# Instructions to follow:
Wherever a picture appears, skip it and retype the rest of the data exactly.
-*-*-
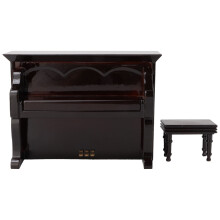 Handgefertigtes Mini-Klavier-Ornament, realistisches Aussehen, wunderschöne Melodie, Holzklaviermodell mit Bank, exquisite Spieluhrkonfiguration,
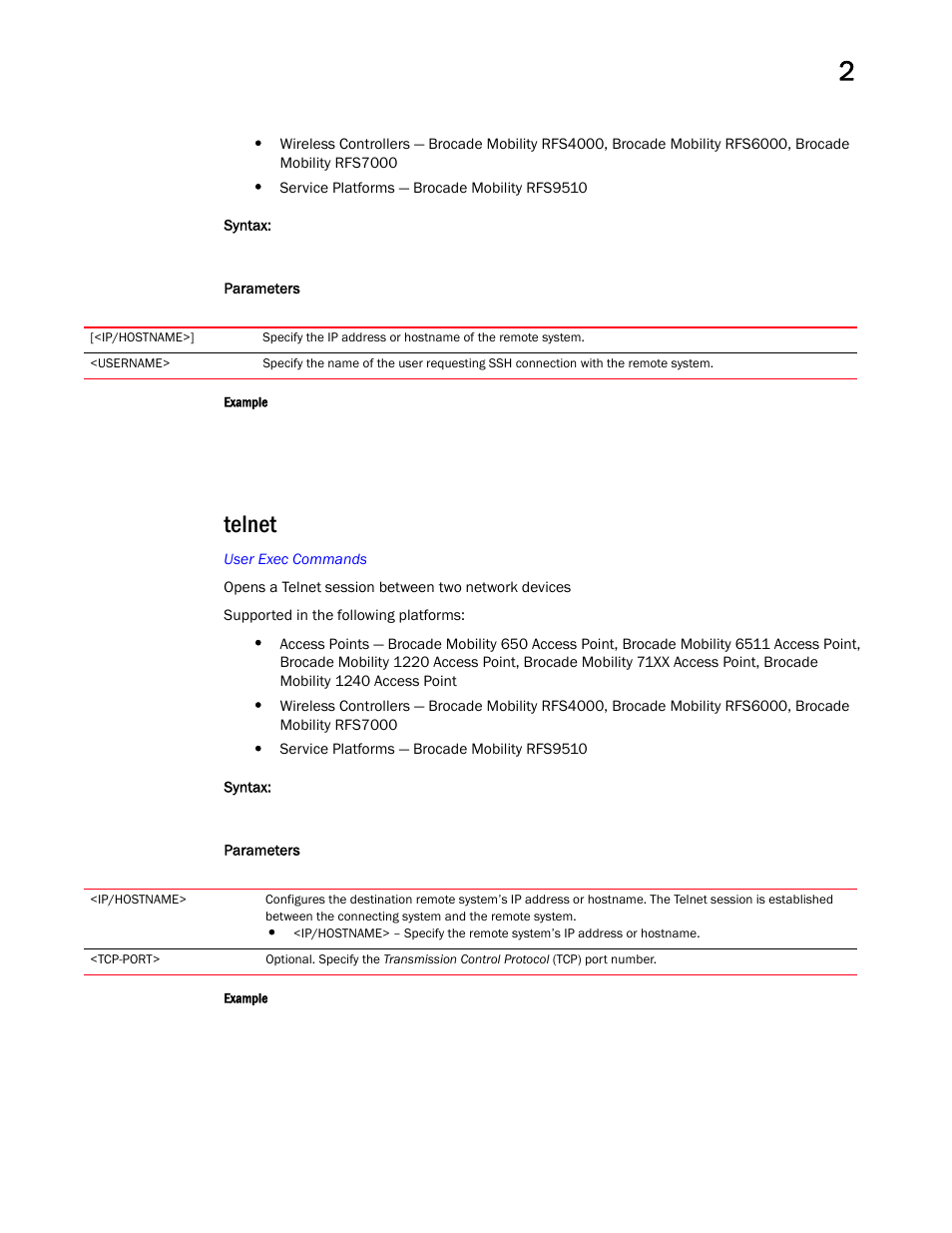 Telnet | Brocade Mobility RFS Controller CLI Reference Guide (Supporting software release 5.5.0.0 and later) User Manual | Page 79 / 1355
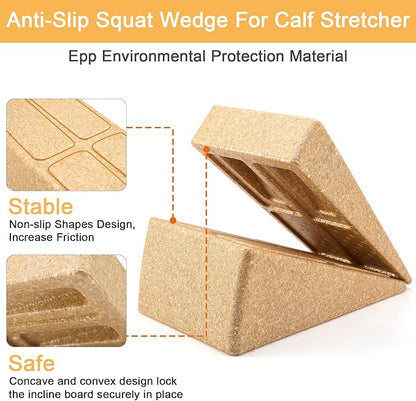 Slant Board Squat Wedge for Calf Stretchingï¼? Pcs 12" x 6.3" Foot Stretcher Balance Board for Plantar Fasciitis, Adjustable Foam Slant Board Wedge Great for Exercises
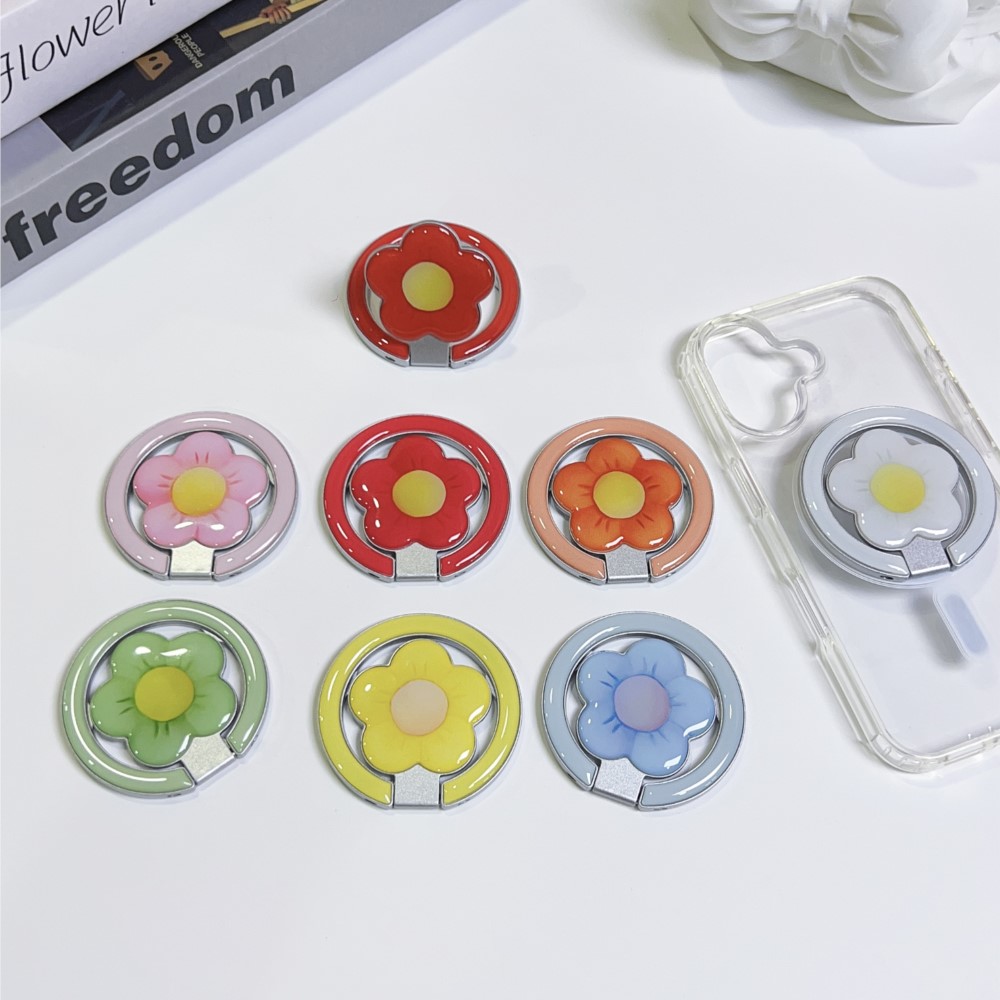 Car Accessories Useful - 花型マグネット式折りたたみキックスタンド付きスマホリングホルダー、落下防止スマホグリップスタンド、iPhone・Samsung対応ユニバーサルデスクトップブラケット（新製品）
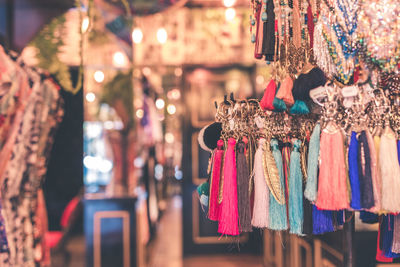 Close-up of key rings hanging in store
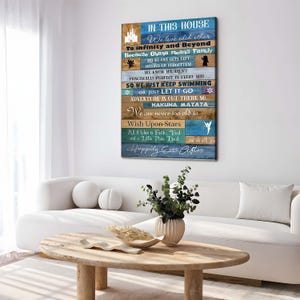In This House Disney Wall Art – Family Rules Canvas Print – Inspirational Quote Sign – Pixar Disney Home Decor – Magical Living Room Art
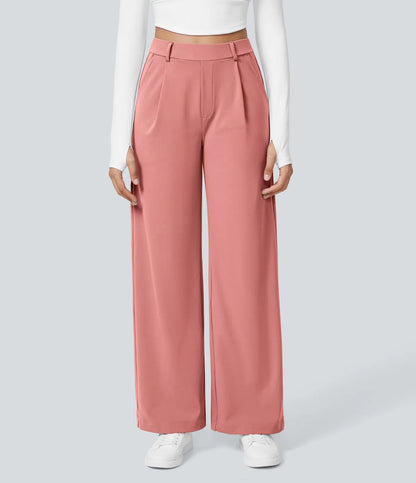 Sporty and casual straight-leg suit trousers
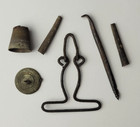Iron brass Fur Trade Personal Relics Lot Of 6 - Cass Co Mn- Auger  Tinklers  Etc
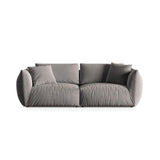 Chris 4-Sitzer Sofa in Leinenoptik aus Samt (CasSto) in Grau, 260x100 cm – Bild 1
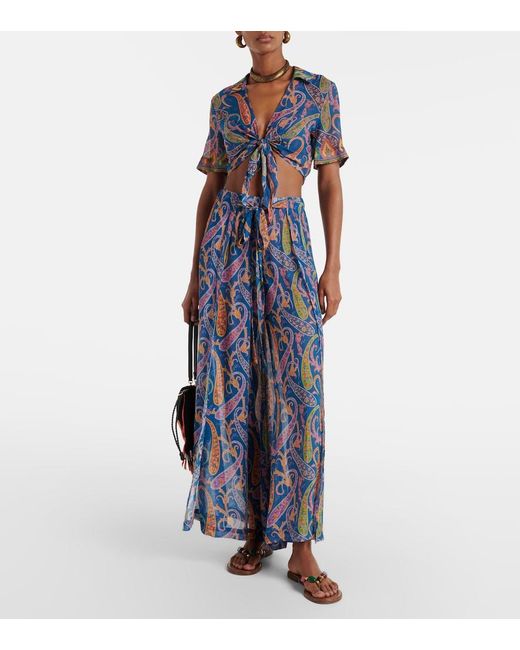Etro Blue Paisley Wide-Leg Pants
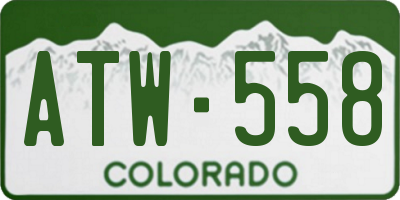 CO license plate ATW558
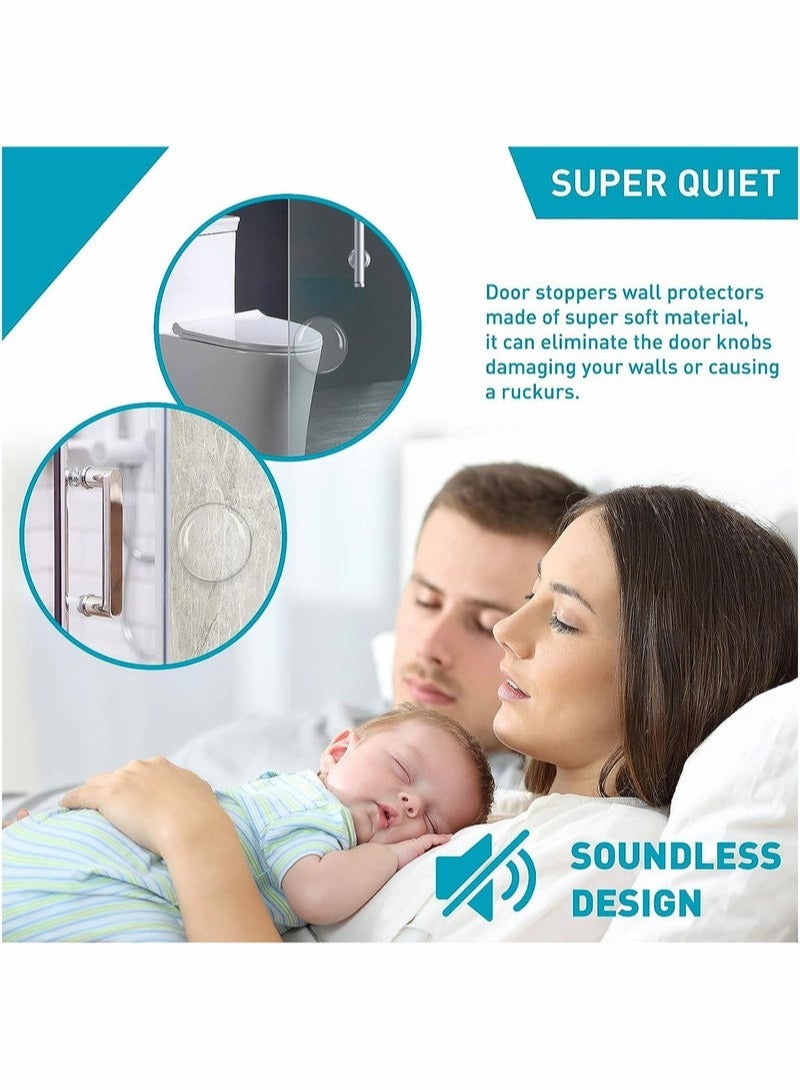 زي جي تريو 12 قطعة سيليكون الباب سدادة واقيات الجدار لحماية باب الجدار مقبض باب الثلاجة الباب ، مقبض الباب حامي الجدار مع الالتصاق القوي شفافة جولة سيليكون مقبض الباب الوفير - Image 5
-*-*-
# Response:
 Handgefertigtes Mini-Klavier-Ornament, realistisches Aussehen, wunderschöne Melodie, Holzklaviermodell mit Bank, exquisite Spieluhrkonfiguration,
 Telnet | Brocade Mobility RFS Controller CLI Reference Guide (Supporting software release 5.5.0.0 and later) User Manual | Page 79 / 1355
 Slant Board Squat Wedge for Calf Stretchingï¼? Pcs 12" x 6.3" Foot Stretcher Balance Board for Plantar Fasciitis, Adjustable Foam Slant Board Wedge Great for Exercises
 Car Accessories Useful - 花型マグネット式折りたたみキックスタンド付きスマホリングホルダー、落下防止スマホグリップスタンド、iPhone・Samsung対応ユニバーサルデスクトップブラケット（新製品）
 Close-up of key rings hanging in store
In This House Disney Wall Art – Family Rules Canvas Print – Inspirational Quote Sign – Pixar Disney Home Decor – Magical Living Room Art
 Sporty and casual straight-leg suit trousers
Iron brass Fur Trade Personal Relics Lot Of 6 - Cass Co Mn- Auger  Tinklers  Etc
 Chris 4-Sitzer Sofa in Leinenoptik aus Samt (CasSto) in Grau, 260x100 cm – Bild 1
Etro Blue Paisley Wide-Leg Pants
 CO license plate ATW558
 زي جي تريو 12 قطعة سيليكون الباب سدادة واقيات الجدار لحماية باب الجدار مقبض باب الثلاجة الباب ، مقبض الباب حامي الجدار مع الالتصاق القوي شفافة جولة سيليكون مقبض الباب الوفير - Image 5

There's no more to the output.